La cosa es fácil de comprobar. En la época prevalenciana, y lo digo a la manera que lo decía Joan Fuster, la entidad que va de Vinaròs a Oriola nunca existió, ni una sola vez: es un invento catalán, un mecanismo catalanísimo.

Entre los íberos, no consta ningún tipo de organización particular en estas tierras mías. De los cartagineses podemos decir lo mismo. Los romanos fundaron Valentia, pero territorialmente la única división a la que podrías acogerte es aquella de la Hispania Citerior y Ulterior. Y la Citerior, donde estaríamos todas las tierras actualmente valencianas, si acaso se parece a algo, es al mapa actual de los Països Catalans. Precisamente. Las invasiones bárbaras y el período visigodo tampoco establecieron ningún mapa característico, propio y diferencial de las tierras valencianas. Y la cosa es ya espectacular con las taifas árabes, la herramienta favorita del españolismo para hacernos confundir realidades y deseos.

Existió, sí, un emirato de Balansiya que algunos entusiastas pretenden identificar como la primera forma de Estado autónomo y diferenciado. Pero el caso es que su territorio se acababa en el ‘Xúquer’ (Júcar), se acababa en Alzira. De hecho, en la crónica de Jaume I, atravesar el río era ir «al otro reino». Ir al Estado, al emirato, que dominaba una Denia (Dàniyya) que no sólo controlaba el sur sino también las Islas. Y todavía estaba el emirato de Alpont y el de Zaragoza, que se repartían un pedazo de lo que ahora es el norte del País Valenciano. ¿Y qué sería ser valenciano, entonces? ¿Sólo los de Balansiya (Valencia), o los de Daniyya (Denia) también? Y si lo eran los de Daniyya también, entonces los menorquines son valencianos. ¿O no? Y si lo eran sólo los de Balansiya, ¿entonces los de Denia no lo son?

Bromas aparte, la cosa es mucho más simple. Como en el caso que explica Lucien Febvre, y hagan desde hoy las fantasías que deseen hacer Mazón y sus correligionarios, el caso, definitorio, es que “ser valenciano” era un concepto simplemente inconcebible antes de la conquista catalana. Es nuestra llegada, la llegada de los catalanes, lo que nos crea a los valencianos.

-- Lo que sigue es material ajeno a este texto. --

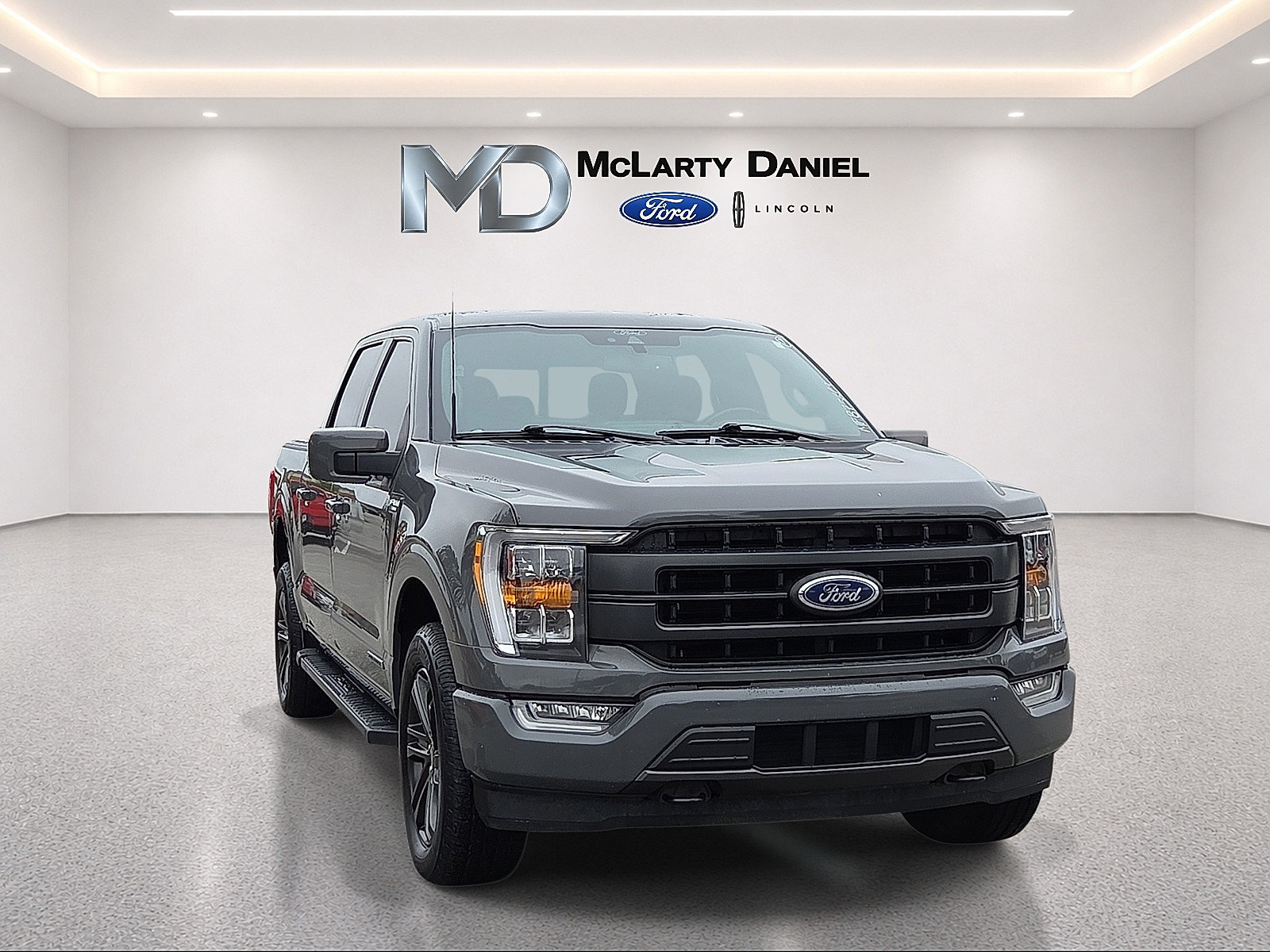 Certified 2021 Ford F150 Lariat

Y cuando digo “nuestra” no lo digo en absoluto en abstracto. Porque algo que nos diferencia de cualquier otro pueblo es la documentación que tenemos a nuestro alcance sobre la ocupación que hicimos de nuestro territorio. Y hay documentados en el ‘Llibre del Repartiment’ (‘Libro del Reparto’) de los Montesinos, el apellido de mi madre, que llegan provenientes del norte a Llíria, en 1236, y hay documentado en la Carta-pobla un Montesinos que en 1609 se traslada de Llíria a Bétera para ocupar una de las casas vacías por la expulsión de los moriscos. La línea que lleva hasta mí es recta y no tiene nada discutible.

La cuestión de nombres, el equívoco entre la ciudad que fundaron los romanos y el reino catalán de Valencia puede servir, y sirve, para construir las engañas que se quieran sobre cómo se llamaban o se dejaban de llamar y sobre qué eran, por tanto, una parte de los que ya vivían en estas tierras. Pero la realidad, señor Mazón, es que la “valencianidad” –entendida como el sentimiento colectivo y común de los humanos que vivimos entre Vinaròs y Oriola– no es sino un invento, extraordinario, maravilloso, y un proyecto rotundamente catalanes.

Ya sé que a usted, president, eso no le importa un comino, porque su valencianidad es más postiza que un diente de madera. Pero que no sea dicho que nosotros callamos. Y menos que otorgamos.